How did it get so late so soon? Its night before its afternoon. December is here before its June. My goodness, how the time has flewn. How did it get so late so soon?

– Dr. Suess

Persistence Of Memory – Salvador Dali, 1931

It’s that time of year when our feeds and minds are full of ways in which we might improve ourselves. Usually rooted in feelings of lack, we use the new year as some kind of barbed yardstick to quantify all the ways we don’t measure up. If I’ve learned anything this year, it’s that these feelings, the deeper ones, aren’t so easily tamed by taking up a hobby, losing weight, or any of the usual resolution suspects.

Earlier in the year, I found a book called When Things Fall Apart, written by Pema Chodron, a Buddhist nun with a wonderful perspective. It both reminded me and helped me newly see that only when we’re okay with the parts of ourselves that we can’t stand to look at or acknowledge can we be okay with anything.
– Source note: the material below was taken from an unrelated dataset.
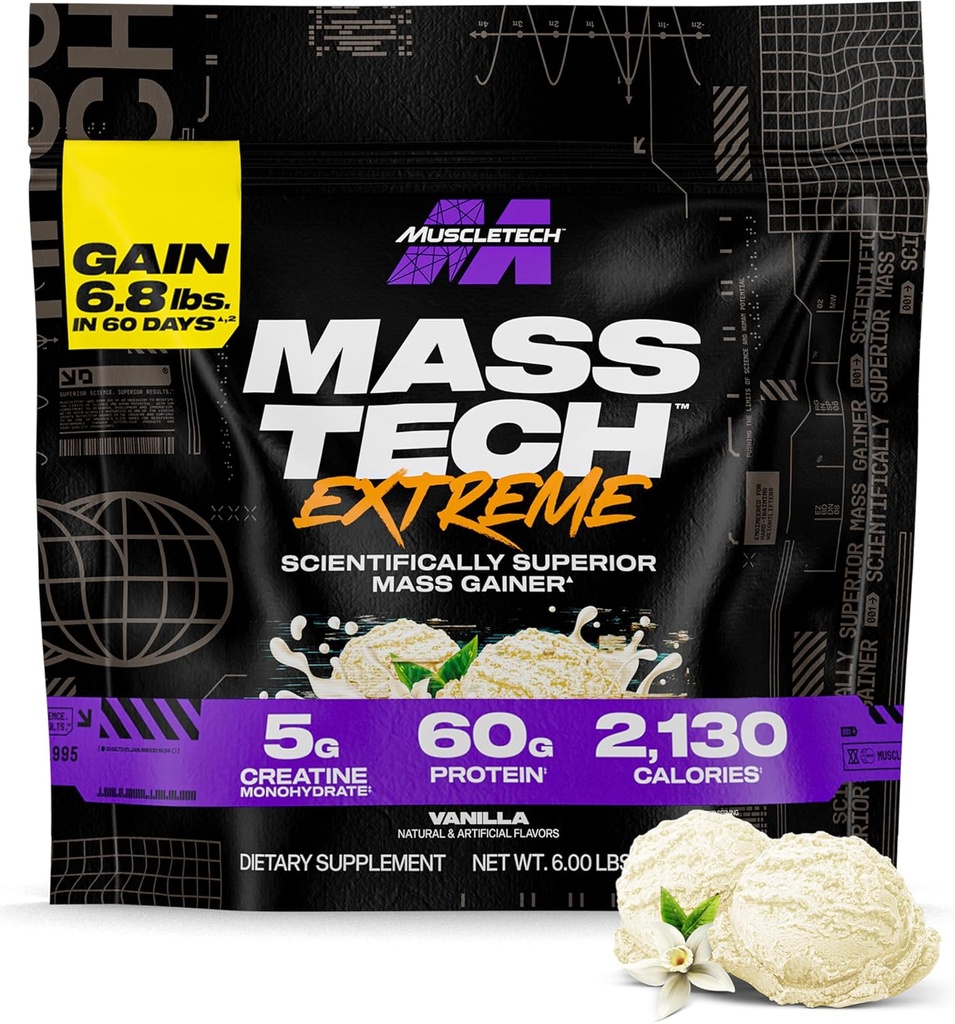 Muscletech High-Protein Mass Gainer (Vanilla Milkshake, 6LB) - Mass Tech Extreme 2000 Mass Gainer Protein Powder Supplement - Weight Gainer for Increase Muscle & Enhanced Recovery - Packaging May Vary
The past year was the most difficult I’ve experienced. It dawned with continued worsening of the chronic pain that’s plagued me for the last few years. In February, I released Stereophile, which felt amazing, but was followed by zero interest from the general public and shops that I tried to get the book and record into. Not helpful was the fact that, due to chronic fatigue and spiritual exhaustion, I wasn’t able to, or interested in, putting forth the relentless effort it takes to promote any creative work. I then found out that I’ve a heart condition that’s going to require surgery later this year. It sounds like a standard procedure, but nonetheless added another thing to the list of maladies. In the early spring, a romantic relationship came to an end, one in which the friendship and familial aspects, just as, if not more important to me than the romance itself, were subsequently decimated in the ending’s wake. Early summer saw some standard bloodwork flag the possibility of a rare form of cancer for which there is no cure. It took until December 1st to get the final word. Turns out I don’t have cancer. Almost a half a year with that question hanging around. Egad. Add to all of this my role as solo householder and single parent to a beautiful, brilliant kid with a handful of her own challenges, and it’s fair to say there was enough cooking this year to leave a body wanting. There were many times I thought I might cave. I didn’t.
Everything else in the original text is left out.